My next task is to understand the activity life cycle a bit better. It is vital to know what happens and when because the life cycle is not in the hands of the programmer, which feels a bit odd. I also want to understand the best way to store data being used by an activity; is that an object created for the purpose, or fields of the activity, or data attached to an intent or something I haven't seen yet. In such a heavily object-biased language as Java, I'll start there.
Developing in isolation can be hard work, especially learning a new language or a new API. The Android environment is substantial and there's plenty to learn. I've read a few books - the best of which is the Professional Android 2 Application Development by Reto Meier. The books got me started and gave me enough information to start to write stuff for myself - which is where the real learning begins.
Android development is usually done with Java; actually a Java-like implementation known as Dalvik, but very much like Java. I followed the recommendations of more than one place and installed Eclipse (on Ubuntu). It works well enough and I am getting used to it. I have written stuff in Java before, but not extensively. It is quite funny when the advice tells me to be very careful about memory use, the first home computer I had only had 4k of memory so an Android phone is huge by comparison.
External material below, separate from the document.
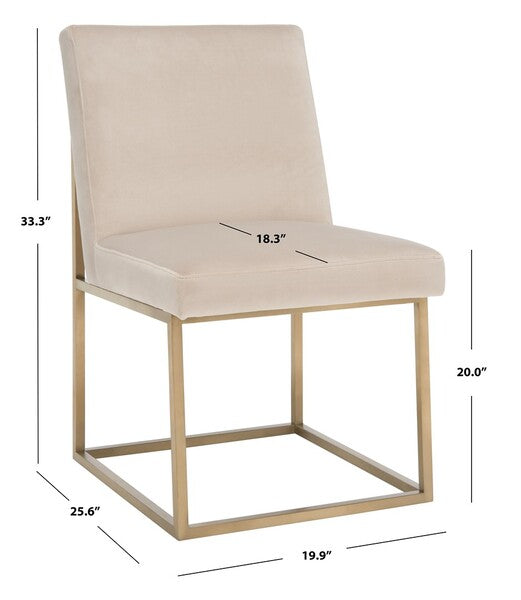Safavieh Jenette Dining Chair - Taupe and Gold | Dining Chairs | Modishstore - 3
The first mainframe I wrote programs for had little more memory than that and almost no available disk space, all big files were on tape. I have long grumbled about the wasteful way programs are written, so I should be at home here.
The terms and names are quite different from other environments, but that is normal. The place information is displayed or edited is an activity. This might be a form, screen, window, frame or page elsewhere. The means of communicating between activities, and more widely uses an intent. This could be a message elsewhere. Intents are flexible, with an open-ended way of attaching data to the intent. My biggest niggle with them so far is that it is not easy to pass an object with an intent.
The recommended way of creating an activity layout is to specify an XML file that defines the layout. In fact the recommended way of specifying everything is in an XML file, so text in messages and the titles of fields should be all specified in an XML file. Part of the reason for this is that there can be multiple versions of these XML files for different device sizes and different locales and languages. This seems like a great idea, but I know that translating something is not as simple as substituting translated words. Maybe it will work well.
So far the simple stuff I've written I've stored locally and backed up to a USB disk. I think I may look into using github from Eclipse. That would provide a way to share anything that is useful and provide another copy off-site.
My next task is to understand the activity life cycle a bit better. It is vital to know what happens and when because the life cycle is not in the hands of the programmer, which feels a bit odd. I also want to understand the best way to store data being used by an activity; is that an object created for the purpose, or fields of the activity, or data attached to an intent or something I haven't seen yet. In such a heavily object-biased language as Java, I'll start there.